Abstract

Background: Severe hypoglycemia in patient with diabetes mellitus can manifest as seizures and coma, most commonly occurring after excessive insulin administration. Clinical Case: A 35-year-old woman with uncontrolled type 1 diabetes mellitus on basal-bolus insulin, complicated by gastroparesis, hypoglycemia unawareness, and frequent hypoglycemic episodes due to a tendency to give more than the recommended amount of insulin, who presented with seizures and diffuse brain edema as severe manifestations of profound hypoglycemia. Hemoglobin A1c was 7.3% but patient had wide variation in blood glucose (40- 300 mmol/L) on her glucometer. Patient had initially self-treated overnight hypoglycemic symptoms by drinking soda and then fell asleep without re-checking her blood sugar. She was then unresponsive in the morning. Patient’s husband reported that there was no glucagon at home since he used the last one and did not refill. On EMS arrival, patient had a blood glucose of 25, for which she received dextrose and glucagon with improvement of blood glucose but no change in mentation. En route to the hospital, patient developed tonic-clonic seizures and decerebrate posturing. She received Ativan and was intubated for airway protection. On exam, she had bilateral dilated sluggishly reactive pupils, eyes opened spontaneously but did not track, and limbs moved spontaneously but there was no purposeful movement. Initial CT head without contrast showed significant diffuse brain edema. Repeat MRI brain with and without contrast showed bilateral basal ganglia diffusion restriction with associated T2 and FLAIR hyperintense signal, suggestive of toxic-metabolic etiology including hypoglycemia. Video EEG showed findings consistent with anoxic encephalopathy. Patient received IV mannitol and IV dexamethasone for cerebral edema and Keppra for seizure prophylaxis, but was unable to be weaned from the ventilator and had to undergo tracheostomy and PEG tube placement, and was eventually discharged to inpatient rehabilitation.
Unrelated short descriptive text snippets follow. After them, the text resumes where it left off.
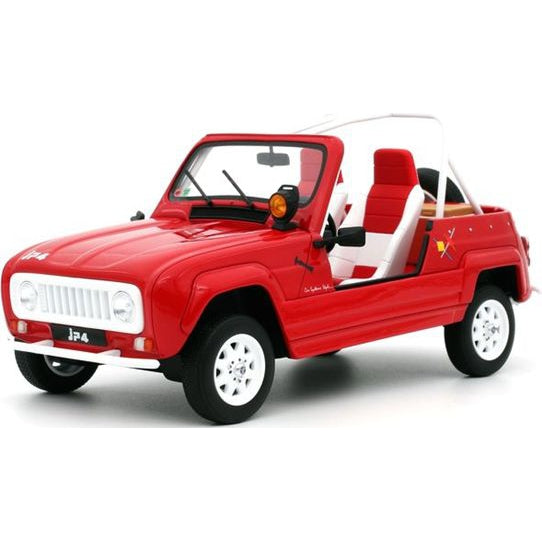 Renault 4L JP4 1987 red - 1:18 Scale Resin Model Car-Otto-Diecast Model Centre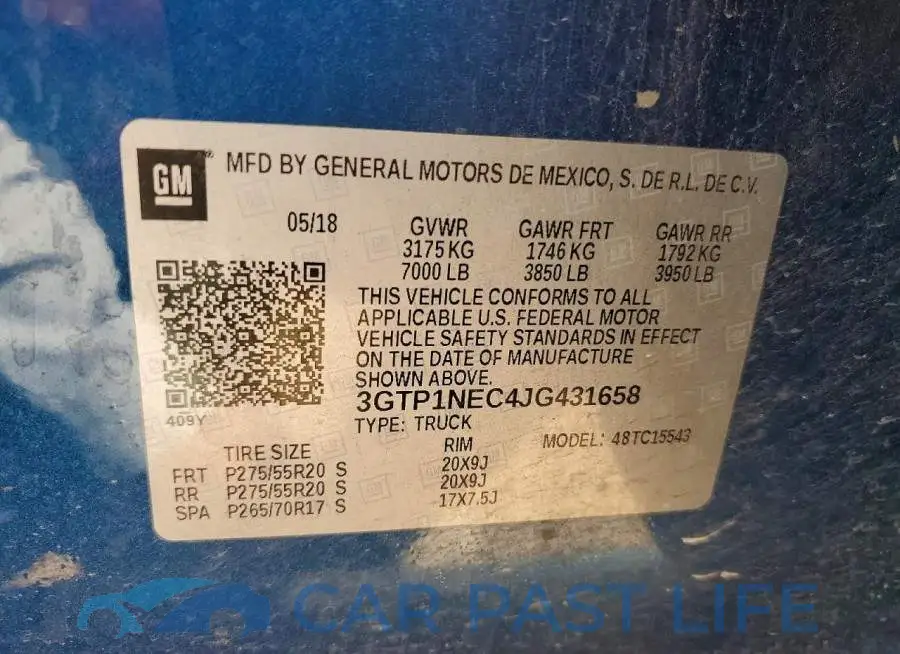 3GTP1NEC4JG431658# 12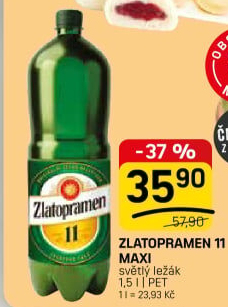 Pivo světlý ležák 11° Zlatopramen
Conclusion: This case highlights the dangers of accidental overcorrection of high blood sugar with short-acting insulin and not appropriately treating hypoglycemia, which can lead to irreversible brain injury due to prolonged hypoglycemia. This unfortunate case highlights the importance of educating patients with diabetes mellitus on insulin how to appropriately manage low sugars to avoid such outcomes.